Sunday 16 May 2010

Be careful of Hitchhikers


Ever since I arrived here in Romania, and since I am driving lots in the car, I notice the roadside. I notice that the lush green pastures are now being turned and seedlings are starting to sprout. I notice road signs of which I have no understanding of their meaning, I notice people trying to hitch a ride and occasionally I notice the street workers.

I've been wanting to stop for a hitchhiker ever since I started driving. Unlike in places like Sydney, it's quite common to hitch a ride here in between towns and cities. Some places aren't serviced well by any public transport so people rely on hitching a ride to get to work. And they pay for it too. I often wonder who they are, where they're going and also wonder why there isn't a more efficient system to make this hitching a ride business easy. Like why don't they hold up signs stating where they want to go?



We travel a lot between Arad and Timisoara and sometimes to Szeged in Hungary and see lots of people. Today was the day we stopped. It was a chilling and quite devastating 10 degrees today. Rain and wind. Just after crossing from Hungary to Romania at Nadlac I see this woman with shopping bags standing on the side of the road. We have to stop and pick her up I say. It's freezing. I'm excited. Our first hitchhiker.
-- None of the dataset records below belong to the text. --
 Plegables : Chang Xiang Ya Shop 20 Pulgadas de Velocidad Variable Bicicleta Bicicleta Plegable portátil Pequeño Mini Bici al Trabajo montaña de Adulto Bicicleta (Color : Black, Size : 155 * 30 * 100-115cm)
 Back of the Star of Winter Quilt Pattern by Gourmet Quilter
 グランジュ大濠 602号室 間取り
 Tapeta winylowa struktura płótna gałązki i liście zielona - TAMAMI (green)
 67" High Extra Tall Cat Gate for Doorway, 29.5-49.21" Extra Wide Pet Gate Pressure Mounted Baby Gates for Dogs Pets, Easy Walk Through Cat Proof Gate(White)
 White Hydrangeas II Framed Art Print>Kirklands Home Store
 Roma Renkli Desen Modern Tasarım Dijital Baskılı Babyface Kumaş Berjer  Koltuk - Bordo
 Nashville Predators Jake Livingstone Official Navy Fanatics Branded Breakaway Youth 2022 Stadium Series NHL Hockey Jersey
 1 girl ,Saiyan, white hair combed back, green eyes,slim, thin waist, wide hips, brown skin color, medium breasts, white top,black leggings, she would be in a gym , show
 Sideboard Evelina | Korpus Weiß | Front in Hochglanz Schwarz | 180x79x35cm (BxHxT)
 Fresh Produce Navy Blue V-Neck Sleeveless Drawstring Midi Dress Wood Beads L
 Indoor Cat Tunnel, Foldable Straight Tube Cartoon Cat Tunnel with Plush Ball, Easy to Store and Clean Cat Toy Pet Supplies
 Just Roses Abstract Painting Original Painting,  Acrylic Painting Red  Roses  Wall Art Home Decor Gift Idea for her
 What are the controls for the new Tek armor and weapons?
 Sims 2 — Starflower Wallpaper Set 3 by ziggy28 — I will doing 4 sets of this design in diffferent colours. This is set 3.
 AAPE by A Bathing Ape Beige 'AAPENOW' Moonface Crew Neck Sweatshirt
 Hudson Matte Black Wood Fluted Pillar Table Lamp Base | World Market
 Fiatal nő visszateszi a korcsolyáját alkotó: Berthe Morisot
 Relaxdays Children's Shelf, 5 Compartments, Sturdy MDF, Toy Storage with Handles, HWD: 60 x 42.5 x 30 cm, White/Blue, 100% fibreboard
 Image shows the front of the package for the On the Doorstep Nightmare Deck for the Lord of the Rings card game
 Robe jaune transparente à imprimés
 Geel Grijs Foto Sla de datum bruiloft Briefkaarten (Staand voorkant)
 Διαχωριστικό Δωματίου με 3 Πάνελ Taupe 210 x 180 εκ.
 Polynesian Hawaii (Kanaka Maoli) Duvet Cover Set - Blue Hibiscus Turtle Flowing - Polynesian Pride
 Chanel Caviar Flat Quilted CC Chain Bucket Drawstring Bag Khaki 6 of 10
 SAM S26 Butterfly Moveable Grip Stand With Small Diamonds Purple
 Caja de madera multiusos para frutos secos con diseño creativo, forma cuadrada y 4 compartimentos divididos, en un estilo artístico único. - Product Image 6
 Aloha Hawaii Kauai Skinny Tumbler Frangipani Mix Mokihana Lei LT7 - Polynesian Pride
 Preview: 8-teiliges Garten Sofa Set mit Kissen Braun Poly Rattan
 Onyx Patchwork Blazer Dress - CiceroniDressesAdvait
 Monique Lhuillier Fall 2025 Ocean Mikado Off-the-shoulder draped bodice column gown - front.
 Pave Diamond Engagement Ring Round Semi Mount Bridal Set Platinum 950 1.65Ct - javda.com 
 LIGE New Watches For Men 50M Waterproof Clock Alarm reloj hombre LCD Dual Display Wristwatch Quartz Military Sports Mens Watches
I get out and make room for her and all her shopping bags. I expect we'll have a conversation about where she's going and what she does. We learn she is headed to Deva, about 5 hours drive from where we collect her. We tell her we can drop her off in Arad. She seems OK with that.


Silence. The conversation stops. She doesn't reveal any more information and I don't probe. Not that I can really ask deep and meaningful questions in Romanian yet.

We drop her off and I notice her high heels, extra tan stockings and bright red lipstick. I'd only noticed her shopping bags before. Perhaps they didn't have groceries in them. Linda2 tells me she realised just after we picked her up that perhaps she was a street worker and we'd be expected to pay her going rate. If so we were not very demanding clients. Then I thought she might be an occasional street worker. Only doing it when she needs to.


I later told a local that we picked up someone on our way back. They thought we were crazy. They're gypsies you know, they have more money than you. Why should you waste your petrol on them! What an insane idea. Why wouldn't I pick up someone who wants to go where I'm heading? And I'm already polluting the environment by driving and that person isn't.